Give an unaltered copy of the listing below, minus its pictures.

+ + + + + + +

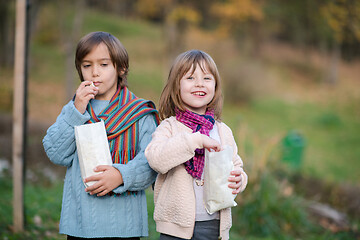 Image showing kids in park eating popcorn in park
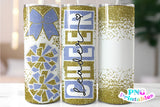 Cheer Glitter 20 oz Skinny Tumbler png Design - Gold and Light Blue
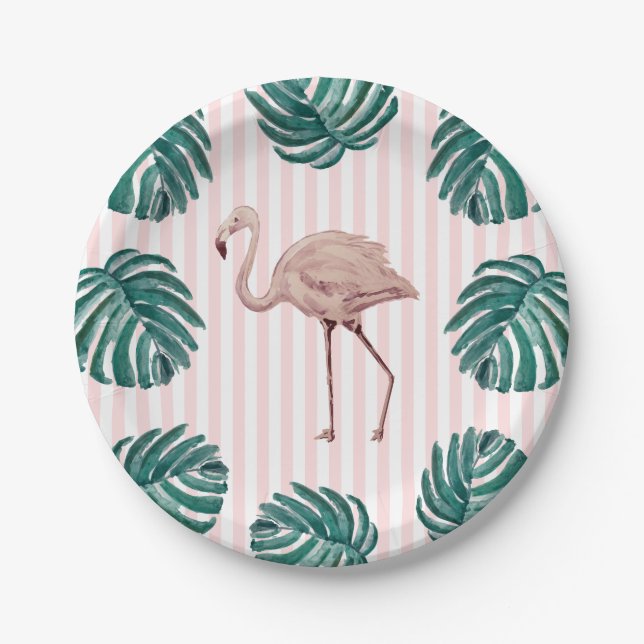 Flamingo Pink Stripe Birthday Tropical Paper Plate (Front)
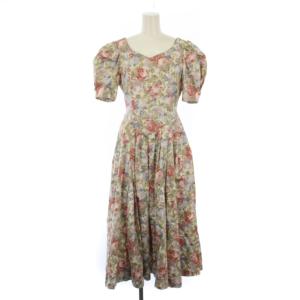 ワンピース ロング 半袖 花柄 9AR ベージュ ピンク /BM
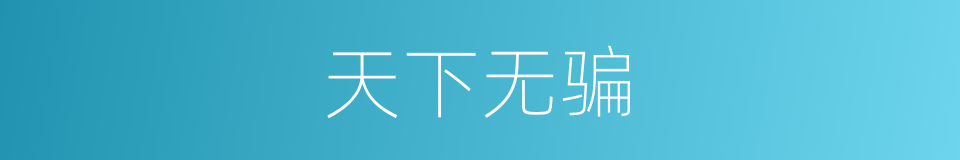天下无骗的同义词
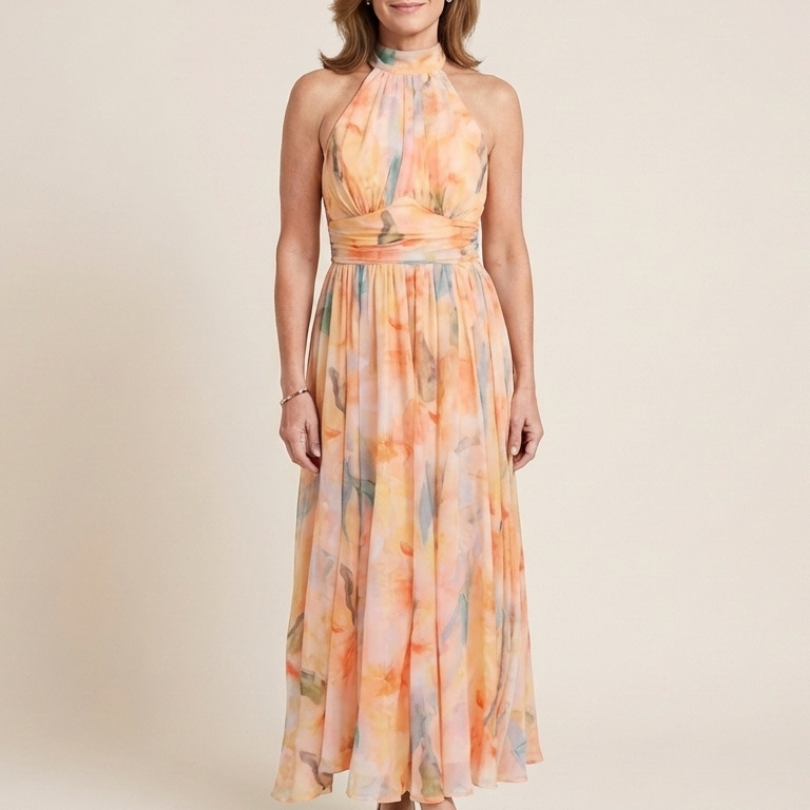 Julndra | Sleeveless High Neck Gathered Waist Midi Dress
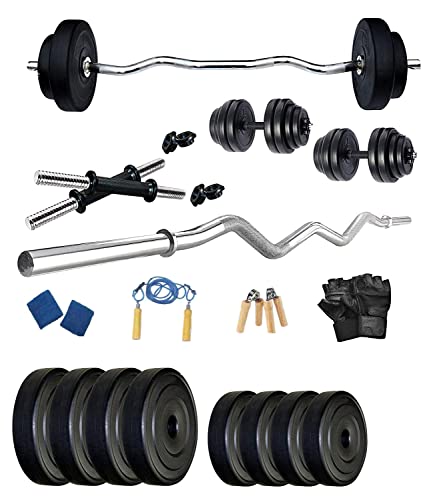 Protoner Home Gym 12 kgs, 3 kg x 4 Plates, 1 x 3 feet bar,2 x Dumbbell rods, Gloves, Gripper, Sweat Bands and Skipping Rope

+ + + + + + +

◆ **WRITTEN SOLUTION**
 Image showing kids in park eating popcorn in park
 Cheer Glitter 20 oz Skinny Tumbler png Design - Gold and Light Blue
 Flamingo Pink Stripe Birthday Tropical Paper Plate (Front)
 ワンピース ロング 半袖 花柄 9AR ベージュ ピンク /BM
天下无骗的同义词
 Julndra | Sleeveless High Neck Gathered Waist Midi Dress
 Protoner Home Gym 12 kgs, 3 kg x 4 Plates, 1 x 3 feet bar,2 x Dumbbell rods, Gloves, Gripper, Sweat Bands and Skipping Rope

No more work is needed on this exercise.